- Chunyang Ni, Daniel A. Schmitz, Jeon Lee, Krzysztof Pawłowski, Jun Wu, Michael Buszczak. Labeling of heterochronic ribosomes reveals C1ORF109 and SPATA5 control a late step in human ribosome assembly. Cell Reports, 2022; 38 (13): 110597 DOI: 10.1016/j.celrep.2022.110597
“Ribosomes are fundamental for life, but we’ve had an incomplete understanding of how they’re put together and how the process of ribosome production is regulated,” said lead author Michael Buszczak, Ph.D., Professor of Molecular Biology and member of the Harold C. Simmons Comprehensive Cancer Center at UT Southwestern. “Our findings shed significant light on these questions.”

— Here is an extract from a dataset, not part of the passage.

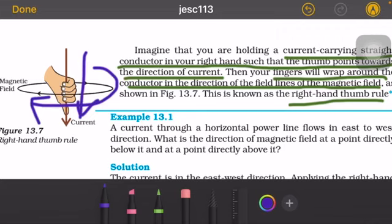If we hold a current carrying straight conductor in our right hand, such that the thumb points towards the direction of current, then our fingers will wrap around the conductor in the direction of the field lines of the magnetic field, as shown in the figure. This is the right hand thumb rule.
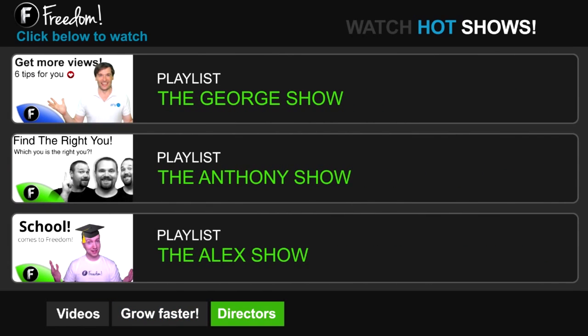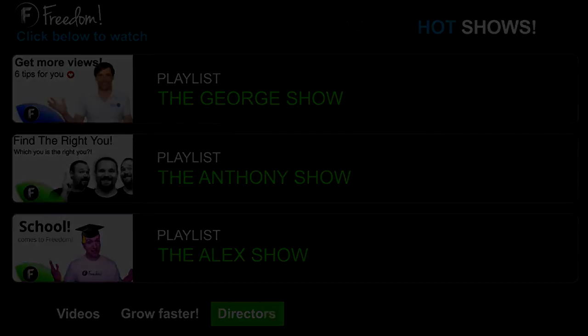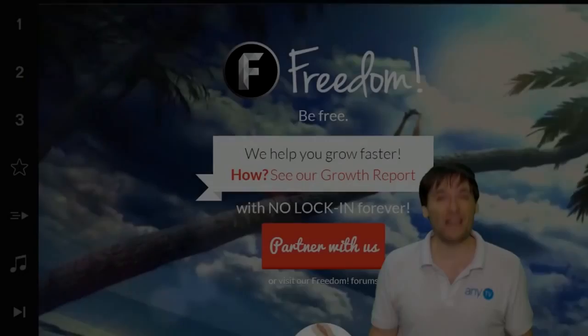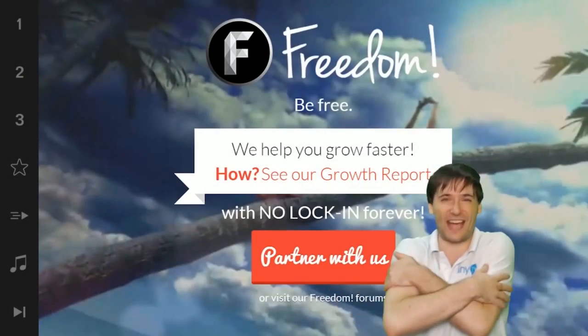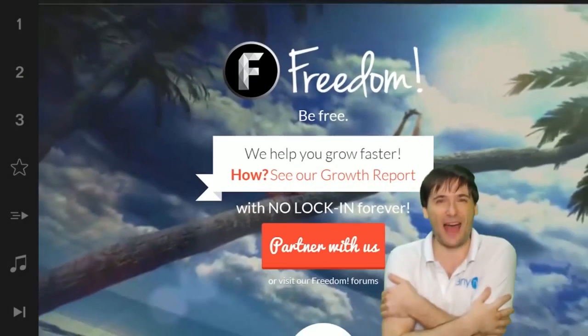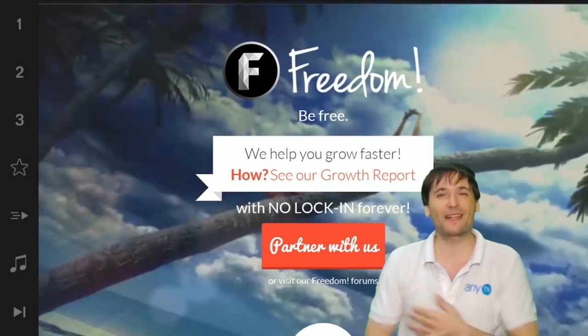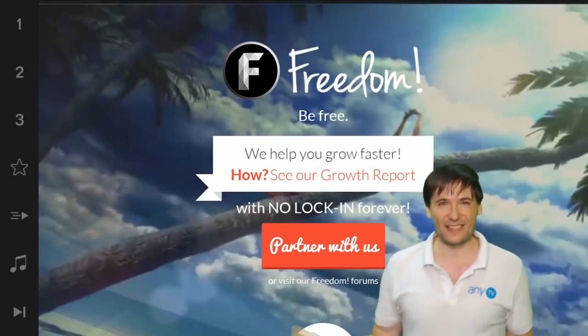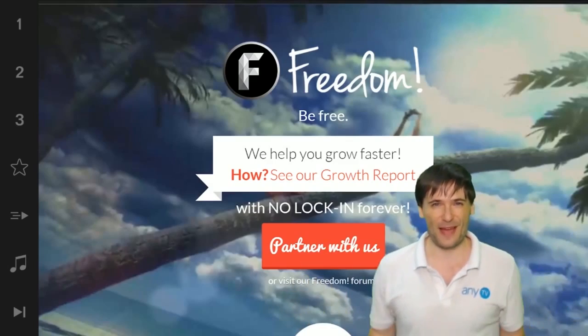Click the first playlist to watch the George Show on Freedom. That's my show. Or watch the Anthony Show or the Alex Show also on Freedom.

Dr. Buszczak explained that ribosomes are present in varying amounts in every cell of every organism on Earth. Because of their key role as protein producers, he added, variations from these natural set points can have deleterious consequences. For example, cancer cells tend to increase ribosome production to boost protein production necessary for unchecked cell division. In addition, a group of rare diseases known as ribosomopathies — characterized by abnormal ribosome production — manifests with a variety of symptoms including anemia, craniofacial defects, and intellectual disability.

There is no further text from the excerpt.